In 2018, under the pouring rain in a tent on the beach, Cannes seemed, at long last, to be changing a decades-long pattern of misogyny.
Four years later, two of the promising women’s groups that sparked that change, Time’s Up and its French corollary, Collectif 50/50, have imploded, imperiling the goals of their organizers and leaving a gaping void in advocacy for women at the festival.

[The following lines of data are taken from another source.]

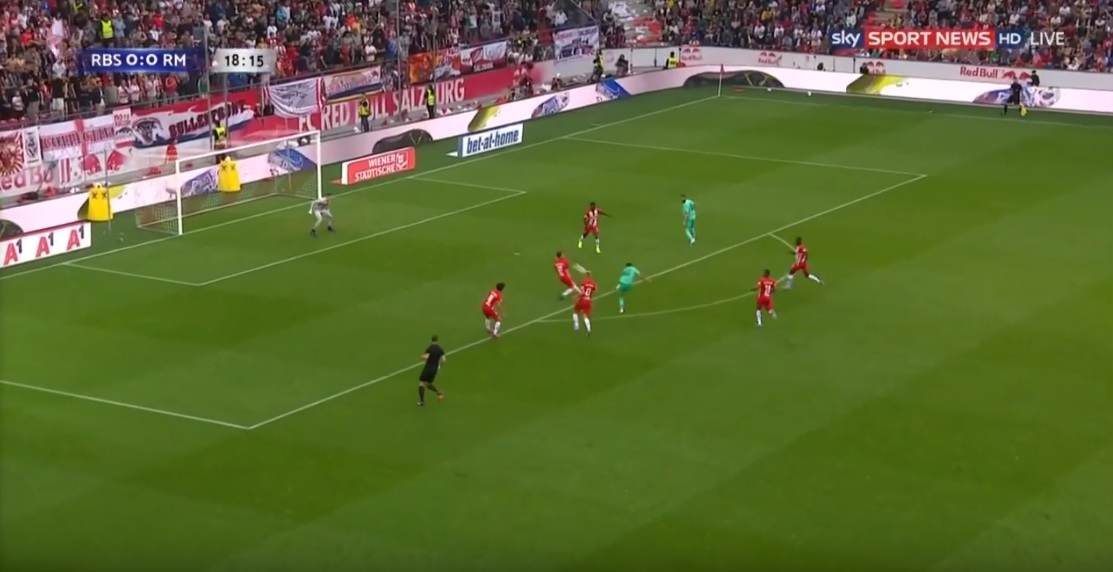 Eden Hazard zdobył swojego pierwszego gola dla Realu Madryt. Skromna wygrana "Królewskich" w Salzburgu [WIDEO]
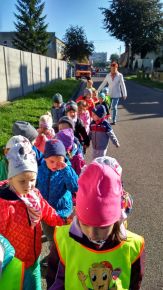 Grupa "Biedronki" podczas spaceru w okolice przedszkola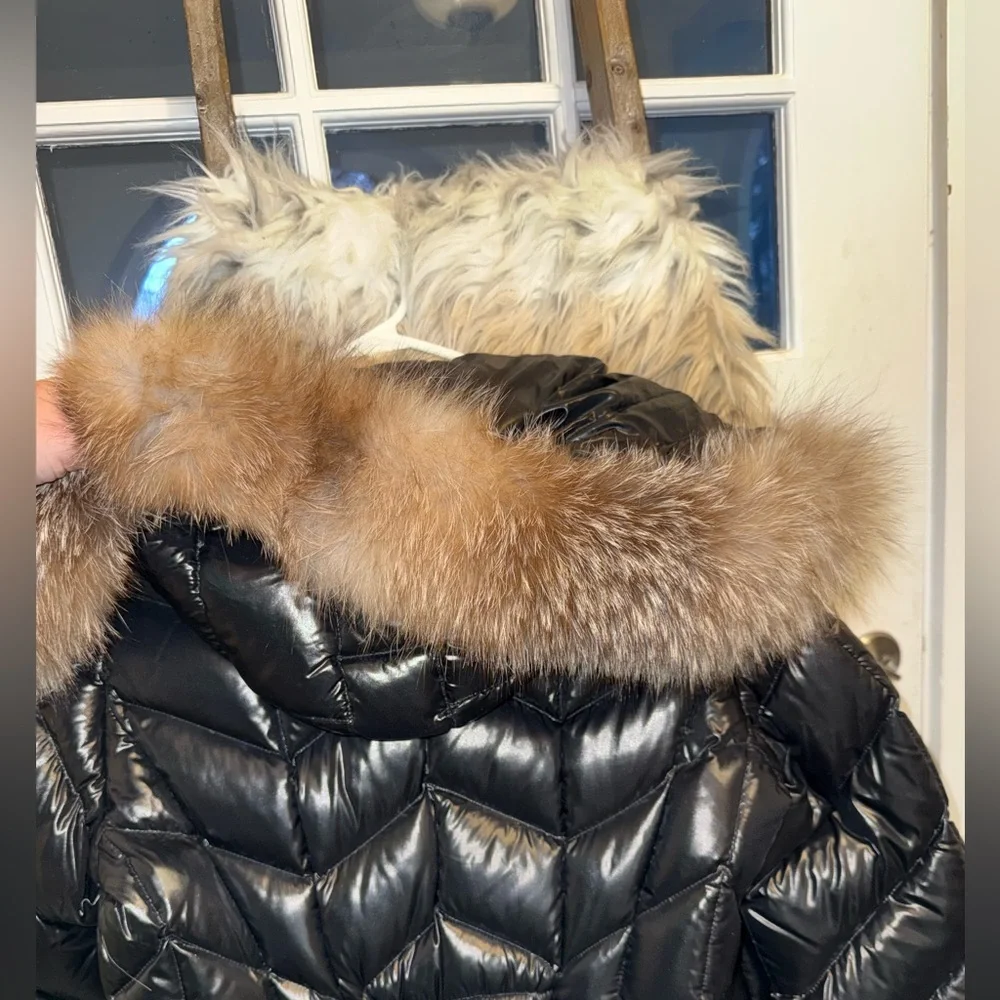 Moncler Black Jacket with Comic Strip Lining - Picture 4 of 8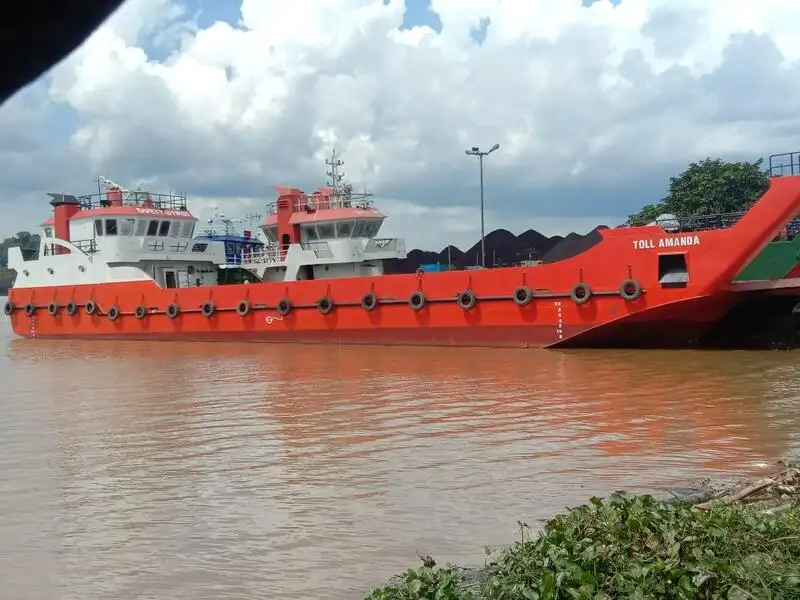 เรือขนส่งสัมภาระขึ้นฝั่งแบบมีถัง สำหรับขาย
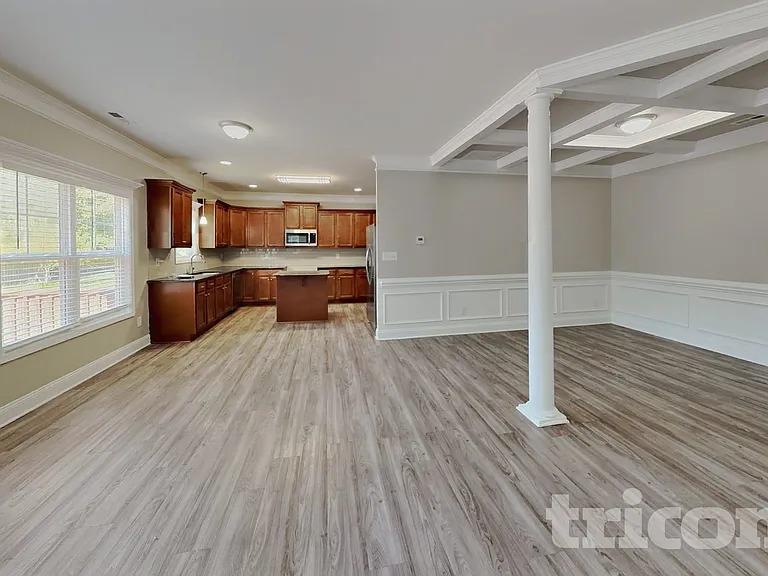 401 Bruce Johnson Rd — Photo 2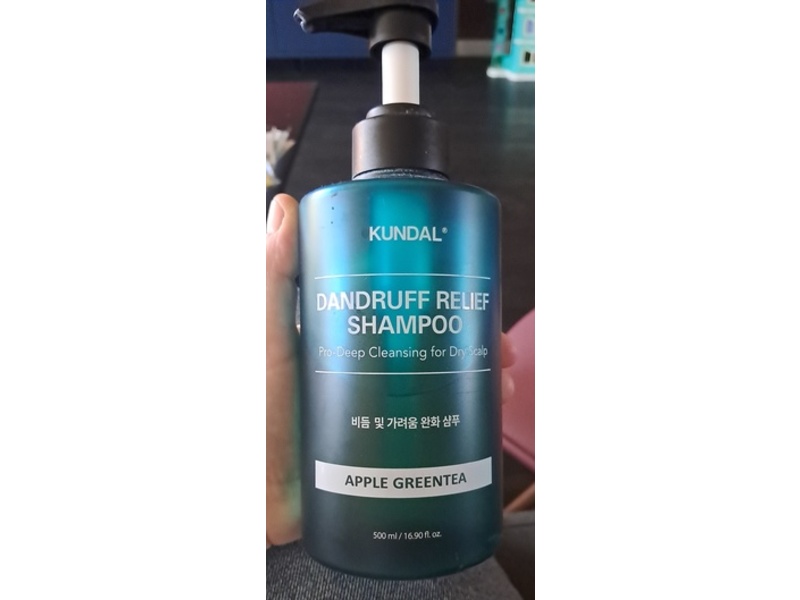 Kundal Dandruff Relief Shampoo, Apple Green Tea, 16.90 fl oz/500 mL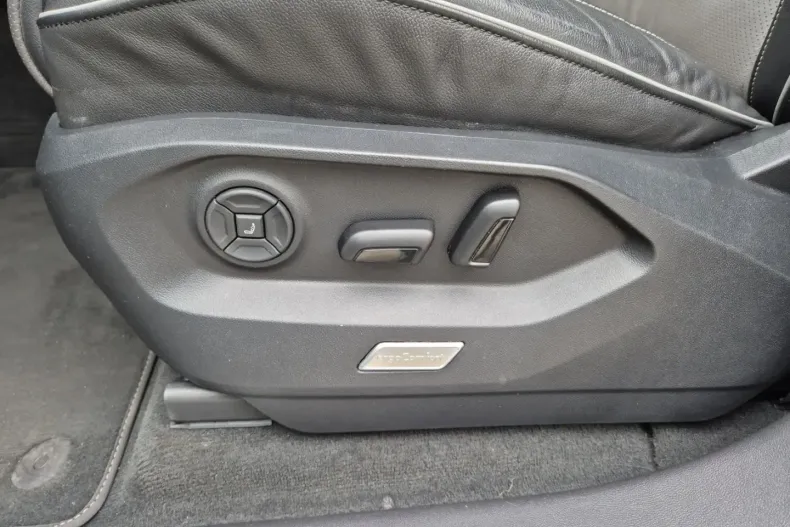 Volkswagen Touareg din 2021 cu 82.500 km - oferta VOL146012 - foto 24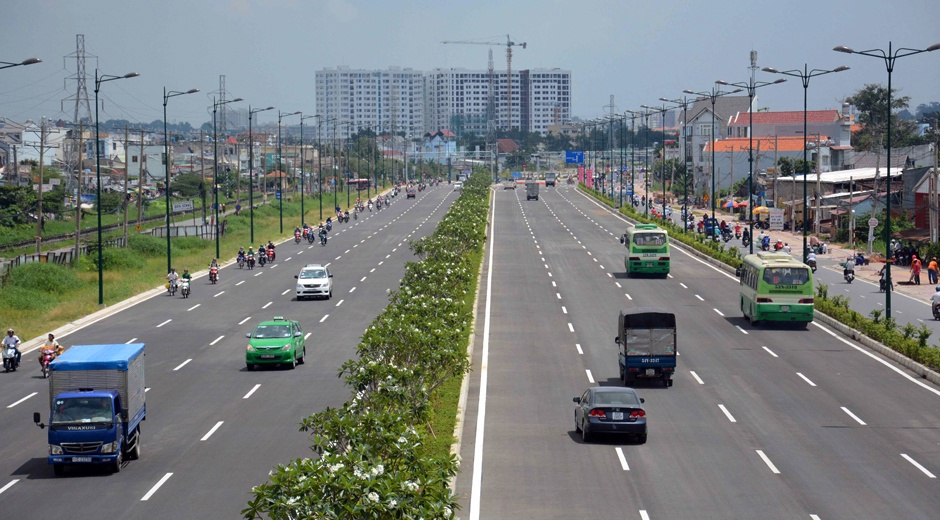 Thong xe tiep duong noi do 10 lan dep nhat Sai Gon hinh anh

That day in 2018, at an electric meeting attended by prominent industry feminists, including Cate Blanchett, Kristen Stewart, Ava DuVernay, Céline Sciamma, Rebecca Zlotowski, CAA agent Maha Dakhil and representatives from women’s groups in the U.K., Spain, Italy and Greece, the three male artistic directors of the festival signed a pledge to compile gender statistics on movies submitted to Cannes, improve transparency around selection processes and work toward parity on executive boards. Earlier in the week, inspired by the nascent #MeToo movement and the toppling of resident Cannes goblin Harvey Weinstein, the women had staged a dramatic march up the Palais stairs, and now were reaping the gains of months of organizing across international borders. As Sciamma looked out on the crowd, she declared, “It’s messy, but it’s fun.”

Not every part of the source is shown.